### Records shown

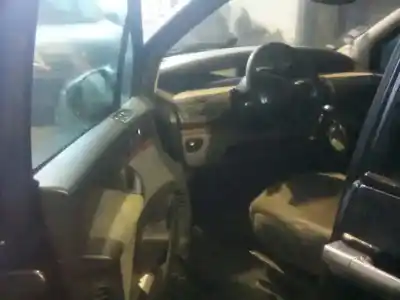 Veículo de Sucata citroen c8 2.2 hdi fap cat (4hw) do ano 2002 alimentado 4hwdw12ted4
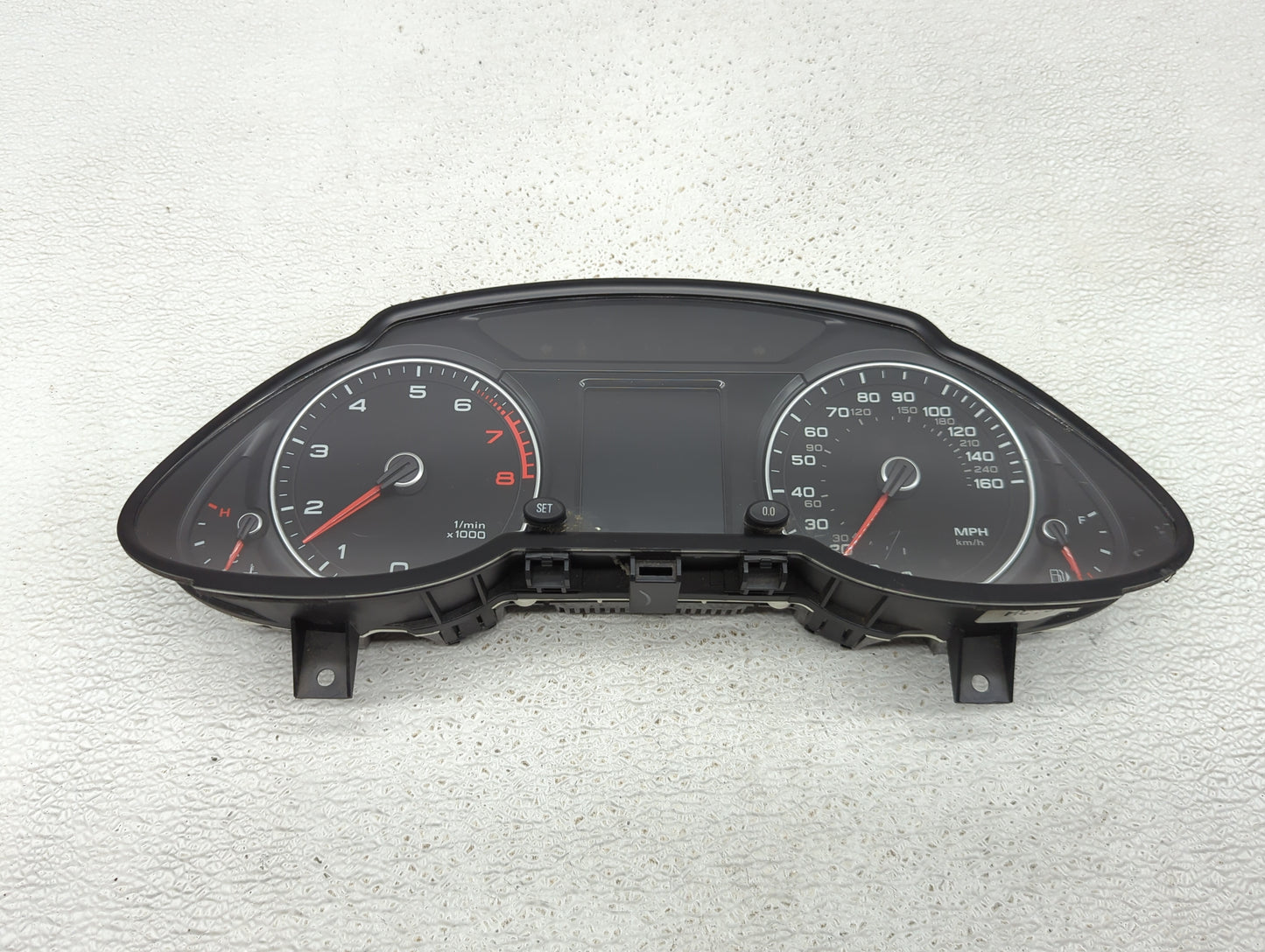 2013-2017 Audi Q5 Instrument Cluster Speedometer Gauges P/N:8R0920950R 503002413431 Fits Fits 2013 2014 2015 2016 2017 OEM U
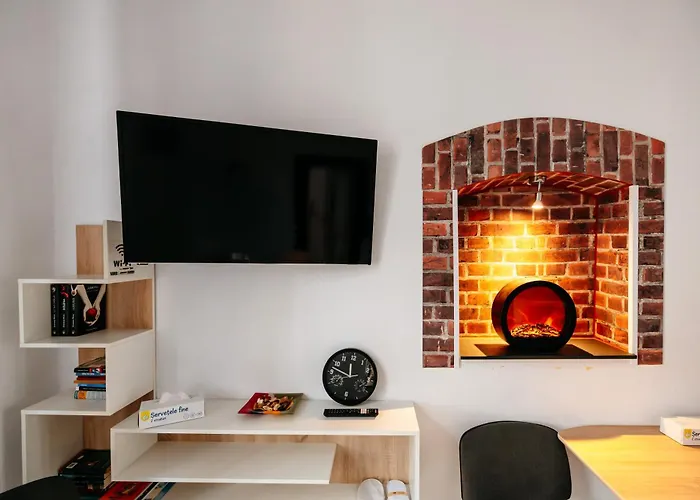 The Muse - Kronstadt Long Street * Brasov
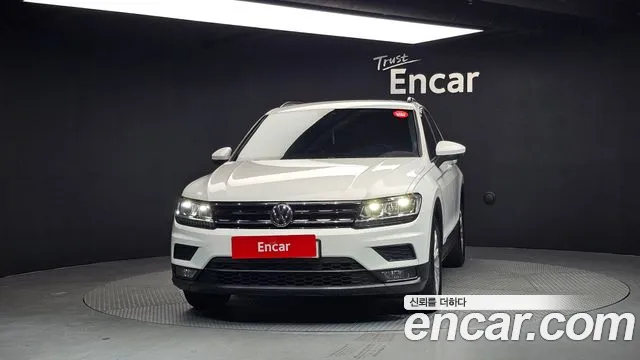 Volkswagen Tiguan 2018 thumb 2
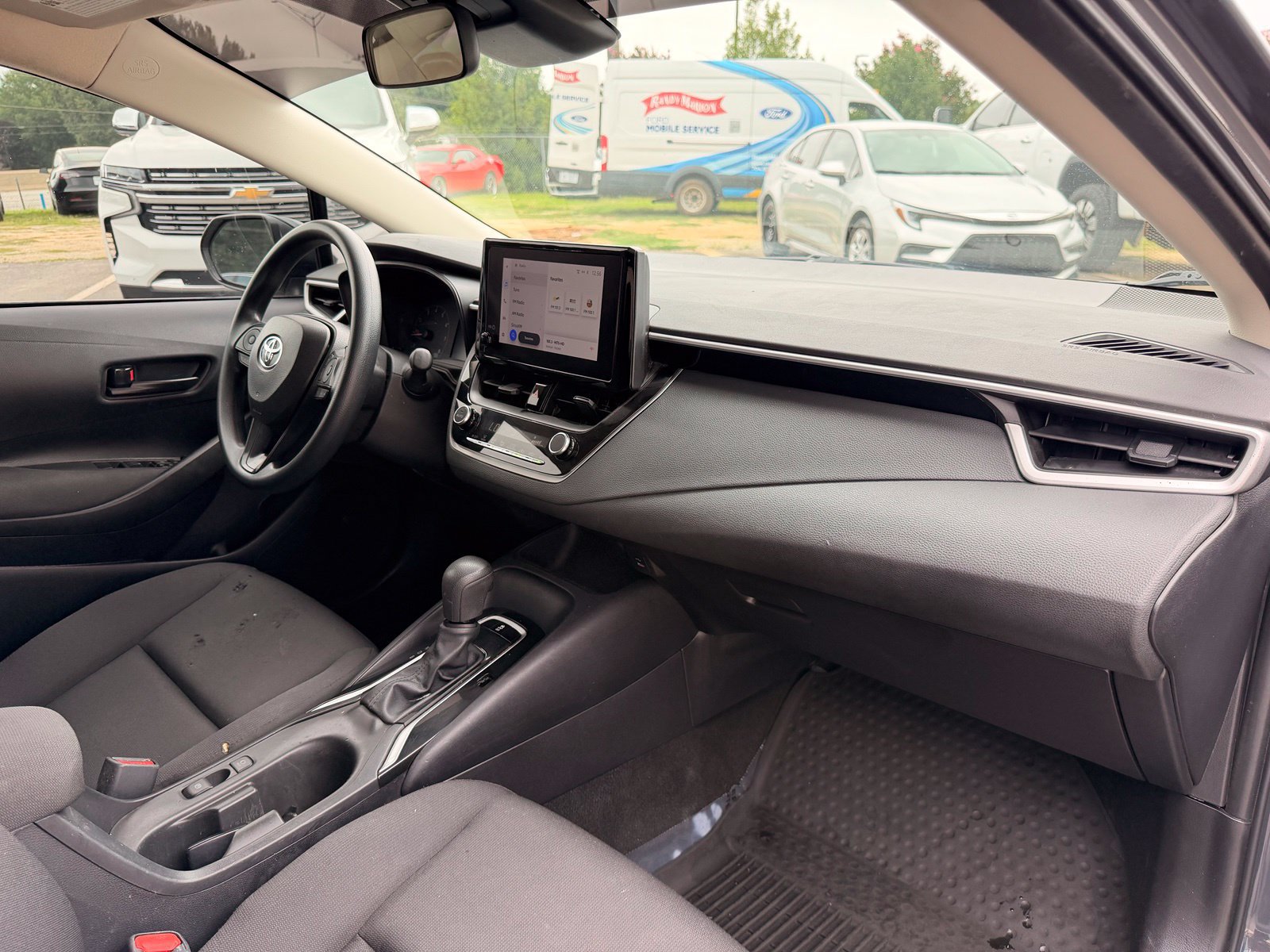 Used 2025 Toyota Corolla LE w/ Convenience Package FWD image 24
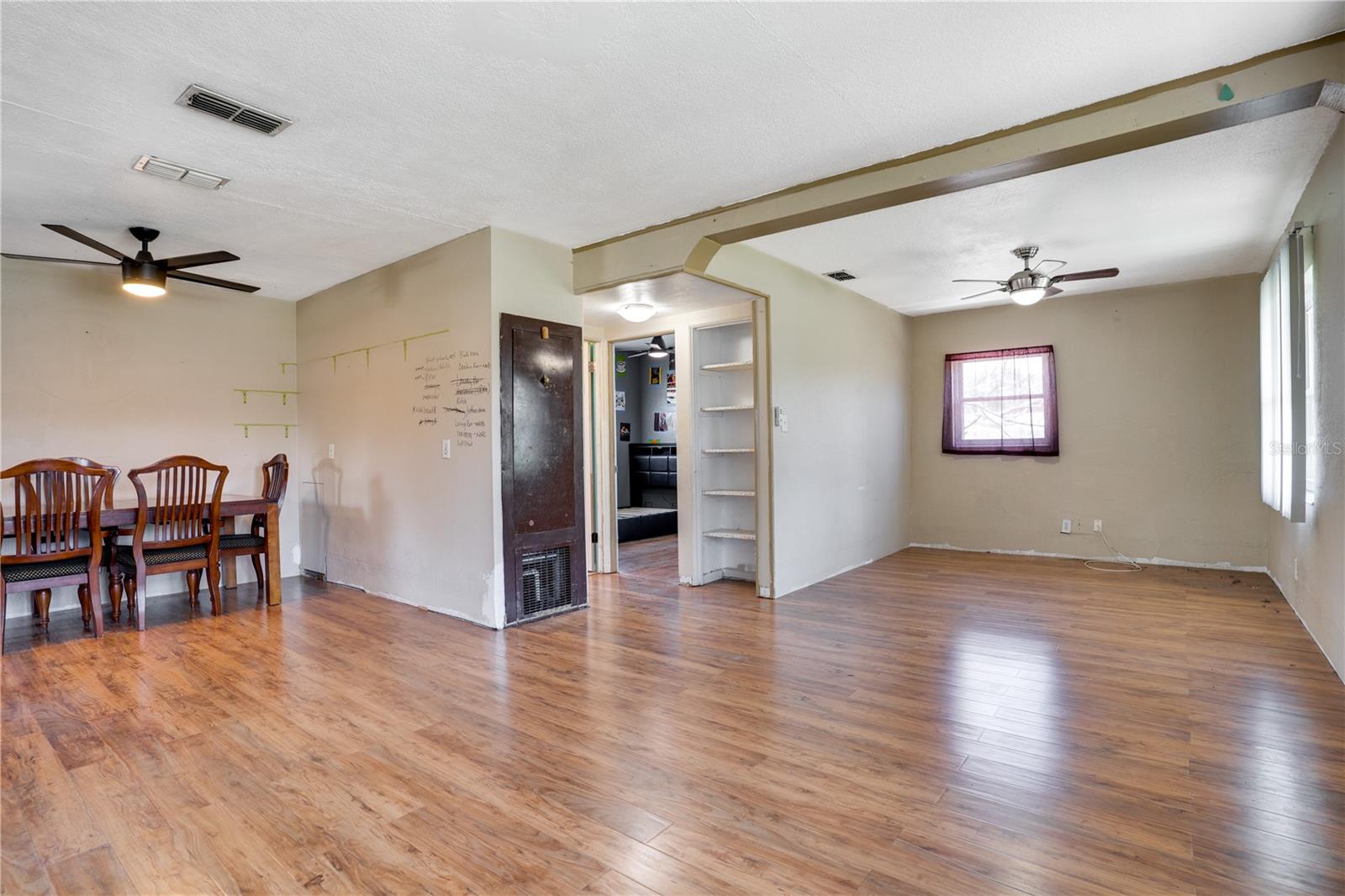 Image 7 of 32 For 701 61st Avenue Ne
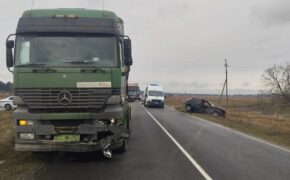 Легковушка столкнулась с фурой на трассе в Навлинском районе накануне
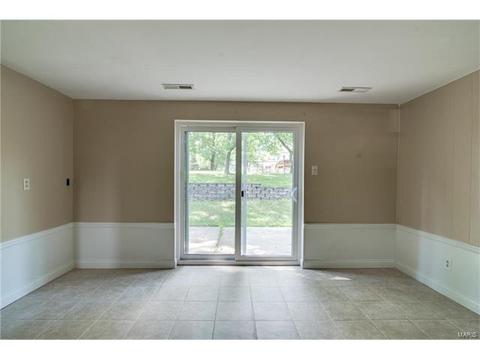895 Napoli, Ballwin, MO 63021 photo 21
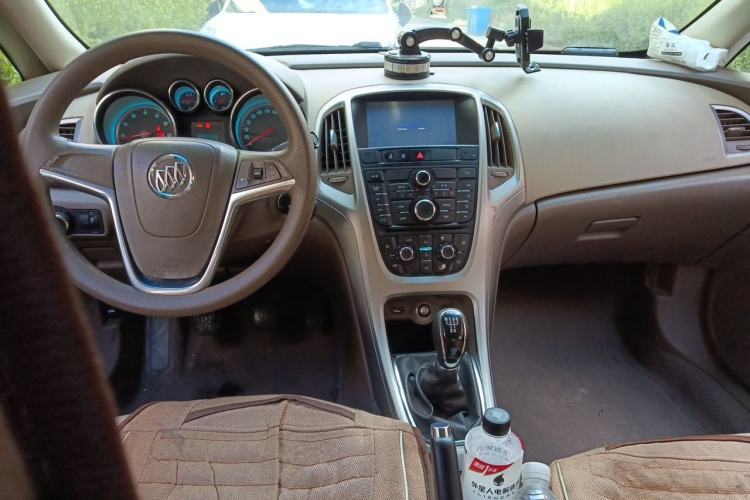 Used Buick GT 2013 GT 1.6L Manual Entry-Level Model Center Console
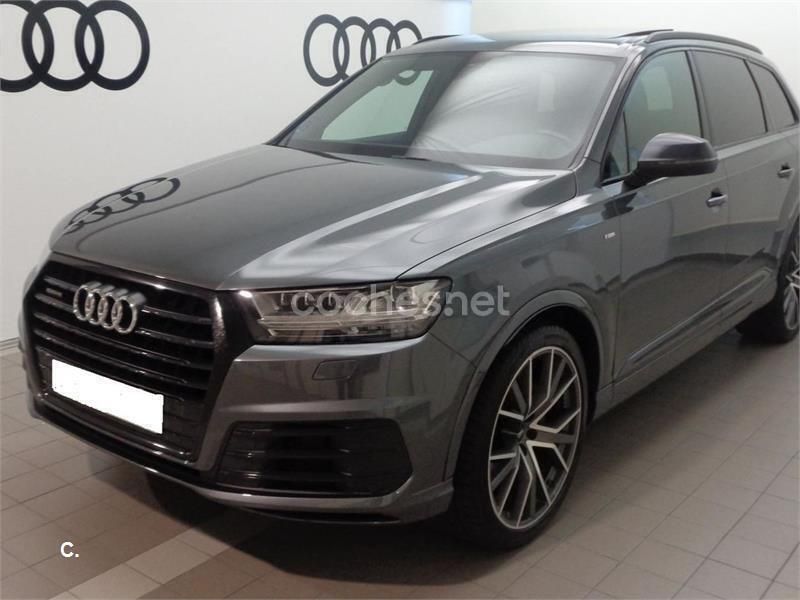 Gris / plata Usado 2019 Audi Q7 Ambiente SUV | 45.500 € (Un poco caro) - Imagen 1/4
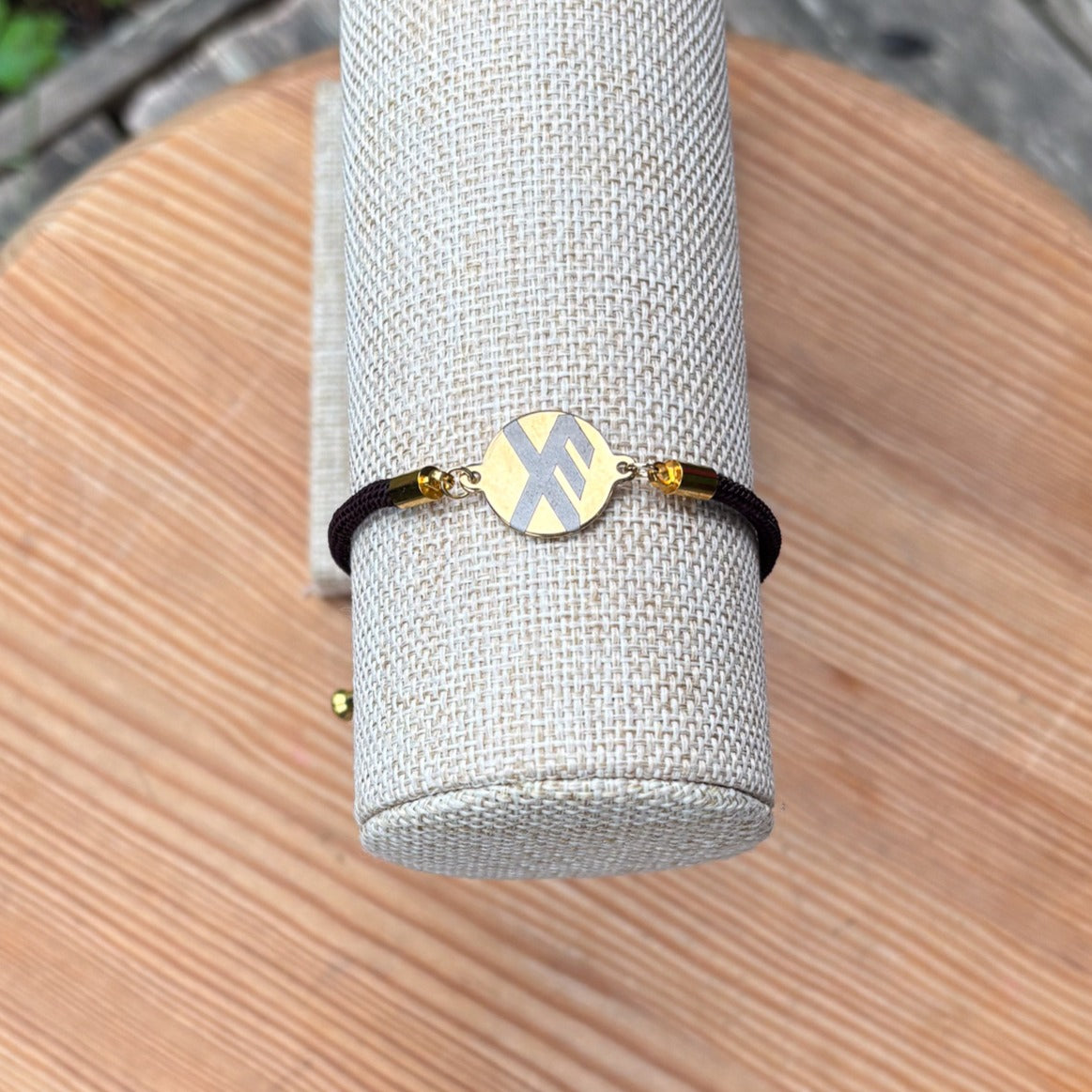 Good luck rune round 21mm golden SS textile cord brown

### What this task involves
A faithful copy of the records above, without images, is what to give back.

### Response
 Veículo de Sucata citroen c8 2.2 hdi fap cat (4hw) do ano 2002 alimentado 4hwdw12ted4
 2013-2017 Audi Q5 Instrument Cluster Speedometer Gauges P/N:8R0920950R 503002413431 Fits Fits 2013 2014 2015 2016 2017 OEM U
 The Muse - Kronstadt Long Street * Brasov
 Volkswagen Tiguan 2018 thumb 2
 Used 2025 Toyota Corolla LE w/ Convenience Package FWD image 24
 Image 7 of 32 For 701 61st Avenue Ne
 Легковушка столкнулась с фурой на трассе в Навлинском районе накануне
895 Napoli, Ballwin, MO 63021 photo 21
 Used Buick GT 2013 GT 1.6L Manual Entry-Level Model Center Console
 Gris / plata Usado 2019 Audi Q7 Ambiente SUV | 45.500 € (Un poco caro) - Imagen 1/4
 Good luck rune round 21mm golden SS textile cord brown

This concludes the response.